Inference Configuration

One place for context windows, temperature/sampling, and Reasoning/Thinking toggles. Settings apply per model profile and take effect immediately (synced via iCloud and backups).

For local, on-device inference, FlowDown supports MLX model profiles only. GGUF and Core ML files are not supported as direct local model formats in the app.

Where to edit

  1. Go to Settings → Model and pick a profile.
  2. Adjust items under Inference and Networking (Optional), then save.

Core parameters

  • Context Length: how much history and attachments a model can keep. If the estimate exceeds the limit, FlowDown trims the oldest non-system messages; if nothing can be trimmed, the request is cancelled. Presets: 4k/8k/16k/32k/64k/100k/200k/1M/Infinity.
  • Creativity (Temperature): higher = more diverse wording; lower = stable/deterministic. Start at 0.5–0.75 for general Q&A; 0–0.25 for code/facts. Use presets (e.g., Humankind, Precise) as shortcuts.
  • Sampling keys: add top_p, top_k, presence_penalty, frequency_penalty, or repetition_penalty in JSON/editor view. Change one knob at a time with small steps.

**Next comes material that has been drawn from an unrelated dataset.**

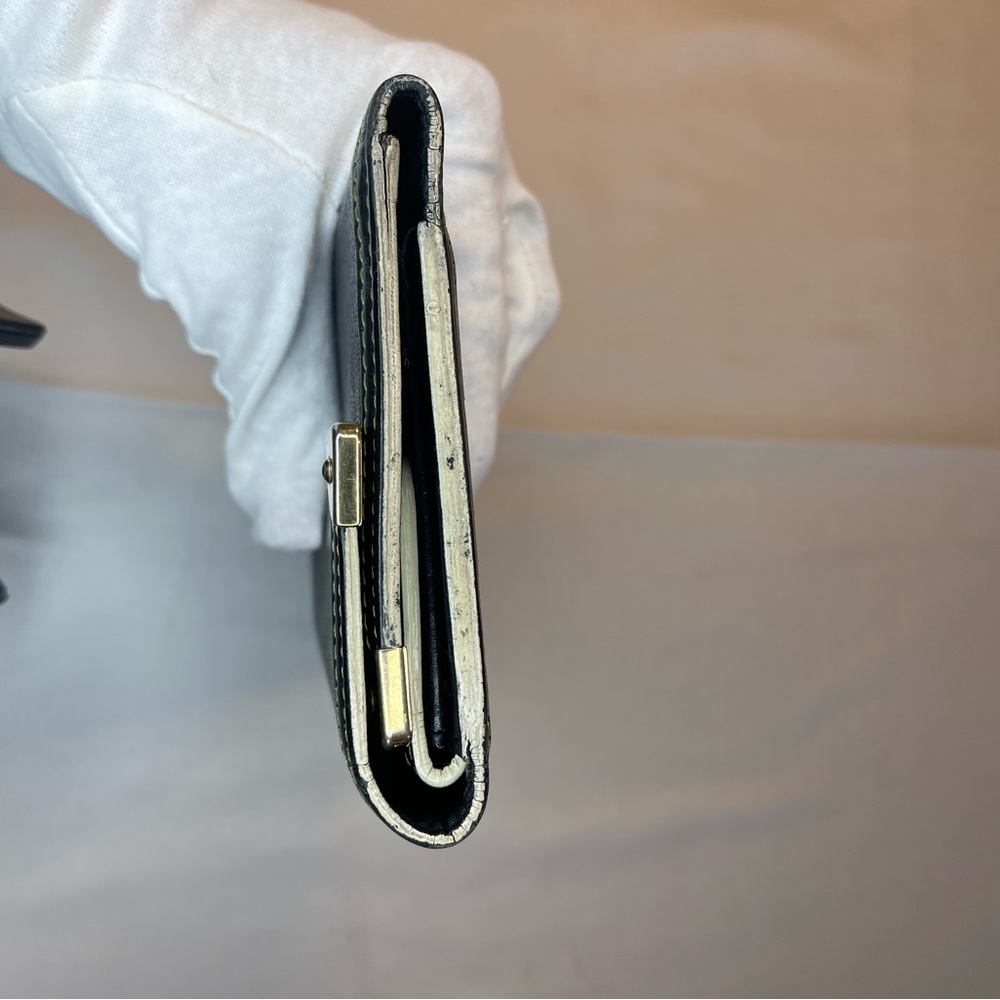 Louis Vuitton Suhali Porte-Trésor International Wallet - Picture 15 of 15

Advanced reasoning (Reasoning / Thinking)

For providers that support chain-of-thought keys in the request body:

  1. Open Additional Body Fields and use Reasoning Parameters (•••).
  2. Insert one key: reasoning / enable_thinking / thinking_mode / thinking.
  3. Pick a Reasoning Budget preset (512/1024/4096/8192 tokens). FlowDown writes reasoning.max_tokens or thinking_budget based on the key.
  4. Add provider-specific switches or tracing fields in the same JSON object if needed.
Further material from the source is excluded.